> _Task requirements_
When you reach the line with "Solitaire Cruise Tripeaks" in the data below, begin printing lines exactly, and stop once the line with "Our very first Vibe Tribe in Makati. ⚡️" has been printed.

-- Data shown follows --

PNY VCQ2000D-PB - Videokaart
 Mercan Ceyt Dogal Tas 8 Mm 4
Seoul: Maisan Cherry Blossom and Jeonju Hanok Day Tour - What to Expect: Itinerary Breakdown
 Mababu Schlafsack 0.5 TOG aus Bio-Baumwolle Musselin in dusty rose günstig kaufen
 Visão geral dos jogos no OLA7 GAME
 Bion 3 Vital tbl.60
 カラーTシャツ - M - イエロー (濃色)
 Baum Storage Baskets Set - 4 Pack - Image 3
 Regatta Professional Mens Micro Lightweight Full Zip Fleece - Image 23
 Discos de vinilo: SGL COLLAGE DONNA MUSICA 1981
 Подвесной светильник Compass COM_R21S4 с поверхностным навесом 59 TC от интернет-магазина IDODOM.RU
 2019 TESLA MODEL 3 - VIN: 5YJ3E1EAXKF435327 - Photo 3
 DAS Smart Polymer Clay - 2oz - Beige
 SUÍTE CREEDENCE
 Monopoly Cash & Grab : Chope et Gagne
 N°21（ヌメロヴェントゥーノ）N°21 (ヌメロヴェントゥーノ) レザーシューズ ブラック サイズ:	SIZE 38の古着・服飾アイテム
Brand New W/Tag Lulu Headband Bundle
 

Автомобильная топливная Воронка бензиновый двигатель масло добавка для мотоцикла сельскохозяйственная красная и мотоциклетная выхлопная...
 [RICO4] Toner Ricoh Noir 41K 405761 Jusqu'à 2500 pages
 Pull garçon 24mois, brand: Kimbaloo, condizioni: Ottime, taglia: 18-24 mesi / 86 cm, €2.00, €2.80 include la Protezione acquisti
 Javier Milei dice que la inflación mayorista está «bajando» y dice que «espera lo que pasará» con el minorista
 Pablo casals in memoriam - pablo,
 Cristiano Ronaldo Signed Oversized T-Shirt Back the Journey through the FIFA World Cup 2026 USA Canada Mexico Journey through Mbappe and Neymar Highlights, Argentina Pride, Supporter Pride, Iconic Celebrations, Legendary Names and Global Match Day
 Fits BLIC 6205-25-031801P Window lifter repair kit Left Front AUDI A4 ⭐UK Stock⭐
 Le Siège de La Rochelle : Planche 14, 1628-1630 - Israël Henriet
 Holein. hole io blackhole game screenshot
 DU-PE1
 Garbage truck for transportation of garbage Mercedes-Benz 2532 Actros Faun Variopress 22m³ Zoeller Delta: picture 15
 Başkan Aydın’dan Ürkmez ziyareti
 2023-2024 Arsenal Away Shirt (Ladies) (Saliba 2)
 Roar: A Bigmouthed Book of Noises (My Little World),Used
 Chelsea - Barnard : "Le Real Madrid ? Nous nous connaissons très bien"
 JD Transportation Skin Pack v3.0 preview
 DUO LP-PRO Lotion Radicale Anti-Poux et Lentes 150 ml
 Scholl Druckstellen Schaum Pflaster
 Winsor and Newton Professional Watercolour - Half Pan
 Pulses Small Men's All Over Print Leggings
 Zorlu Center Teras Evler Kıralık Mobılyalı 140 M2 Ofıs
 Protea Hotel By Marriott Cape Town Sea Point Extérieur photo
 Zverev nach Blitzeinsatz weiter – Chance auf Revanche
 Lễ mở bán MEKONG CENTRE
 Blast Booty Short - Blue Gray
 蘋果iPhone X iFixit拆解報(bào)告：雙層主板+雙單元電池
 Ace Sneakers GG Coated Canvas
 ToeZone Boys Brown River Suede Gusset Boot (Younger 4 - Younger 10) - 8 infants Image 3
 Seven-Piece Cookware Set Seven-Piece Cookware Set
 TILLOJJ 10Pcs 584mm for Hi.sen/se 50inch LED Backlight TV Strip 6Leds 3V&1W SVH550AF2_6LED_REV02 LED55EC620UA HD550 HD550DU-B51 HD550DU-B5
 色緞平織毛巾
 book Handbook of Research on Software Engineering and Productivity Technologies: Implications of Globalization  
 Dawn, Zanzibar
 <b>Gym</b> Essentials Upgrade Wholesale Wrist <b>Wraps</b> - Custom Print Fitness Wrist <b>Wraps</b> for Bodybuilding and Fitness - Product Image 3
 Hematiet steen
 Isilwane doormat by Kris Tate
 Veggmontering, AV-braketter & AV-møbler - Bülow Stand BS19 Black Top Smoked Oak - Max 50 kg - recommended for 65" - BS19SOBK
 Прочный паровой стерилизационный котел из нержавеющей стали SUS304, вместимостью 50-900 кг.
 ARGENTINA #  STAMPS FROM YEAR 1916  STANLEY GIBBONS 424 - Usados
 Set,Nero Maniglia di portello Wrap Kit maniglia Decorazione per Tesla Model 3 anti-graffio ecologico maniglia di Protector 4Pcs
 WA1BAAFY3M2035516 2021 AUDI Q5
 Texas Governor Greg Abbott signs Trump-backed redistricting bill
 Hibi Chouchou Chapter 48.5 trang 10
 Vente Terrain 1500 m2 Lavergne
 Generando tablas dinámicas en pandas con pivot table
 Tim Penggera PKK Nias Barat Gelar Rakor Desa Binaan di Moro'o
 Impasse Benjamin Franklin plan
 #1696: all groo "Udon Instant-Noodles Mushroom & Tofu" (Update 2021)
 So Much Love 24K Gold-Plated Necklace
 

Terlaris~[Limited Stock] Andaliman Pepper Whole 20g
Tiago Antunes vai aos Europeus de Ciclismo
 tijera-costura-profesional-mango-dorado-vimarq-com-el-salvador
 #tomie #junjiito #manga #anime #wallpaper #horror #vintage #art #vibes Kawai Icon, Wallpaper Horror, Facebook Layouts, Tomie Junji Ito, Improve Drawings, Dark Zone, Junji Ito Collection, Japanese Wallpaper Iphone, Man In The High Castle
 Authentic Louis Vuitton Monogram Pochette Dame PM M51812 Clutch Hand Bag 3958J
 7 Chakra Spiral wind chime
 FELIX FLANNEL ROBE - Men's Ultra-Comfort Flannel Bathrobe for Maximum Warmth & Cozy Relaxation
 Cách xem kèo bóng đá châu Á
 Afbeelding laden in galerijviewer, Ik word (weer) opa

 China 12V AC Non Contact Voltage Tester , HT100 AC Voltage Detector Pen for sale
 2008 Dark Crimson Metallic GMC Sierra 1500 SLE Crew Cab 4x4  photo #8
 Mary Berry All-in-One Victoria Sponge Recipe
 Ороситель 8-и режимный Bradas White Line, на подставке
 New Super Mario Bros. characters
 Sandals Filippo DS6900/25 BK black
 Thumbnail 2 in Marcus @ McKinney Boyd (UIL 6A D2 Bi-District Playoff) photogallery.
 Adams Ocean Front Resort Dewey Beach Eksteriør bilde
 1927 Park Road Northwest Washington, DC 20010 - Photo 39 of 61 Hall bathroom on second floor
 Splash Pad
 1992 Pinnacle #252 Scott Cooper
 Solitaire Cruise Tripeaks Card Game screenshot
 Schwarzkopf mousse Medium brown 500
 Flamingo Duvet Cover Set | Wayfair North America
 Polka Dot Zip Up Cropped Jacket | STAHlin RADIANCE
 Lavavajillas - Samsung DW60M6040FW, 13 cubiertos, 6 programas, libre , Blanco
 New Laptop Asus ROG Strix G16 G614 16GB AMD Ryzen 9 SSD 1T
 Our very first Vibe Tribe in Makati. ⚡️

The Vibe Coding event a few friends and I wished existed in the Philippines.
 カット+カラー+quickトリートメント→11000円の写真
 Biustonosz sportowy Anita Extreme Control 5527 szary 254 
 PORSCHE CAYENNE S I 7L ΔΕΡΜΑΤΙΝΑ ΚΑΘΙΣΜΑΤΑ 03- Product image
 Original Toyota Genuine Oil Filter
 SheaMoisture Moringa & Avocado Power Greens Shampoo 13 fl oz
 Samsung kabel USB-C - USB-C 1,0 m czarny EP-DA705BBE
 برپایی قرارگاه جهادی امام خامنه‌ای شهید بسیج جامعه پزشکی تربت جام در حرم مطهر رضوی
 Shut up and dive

-- Data shown concluded --

> _Answer to the problem_
 Solitaire Cruise Tripeaks Card Game screenshot
 Schwarzkopf mousse Medium brown 500
 Flamingo Duvet Cover Set | Wayfair North America
 Polka Dot Zip Up Cropped Jacket | STAHlin RADIANCE
 Lavavajillas - Samsung DW60M6040FW, 13 cubiertos, 6 programas, libre , Blanco
 New Laptop Asus ROG Strix G16 G614 16GB AMD Ryzen 9 SSD 1T
 Our very first Vibe Tribe in Makati. ⚡️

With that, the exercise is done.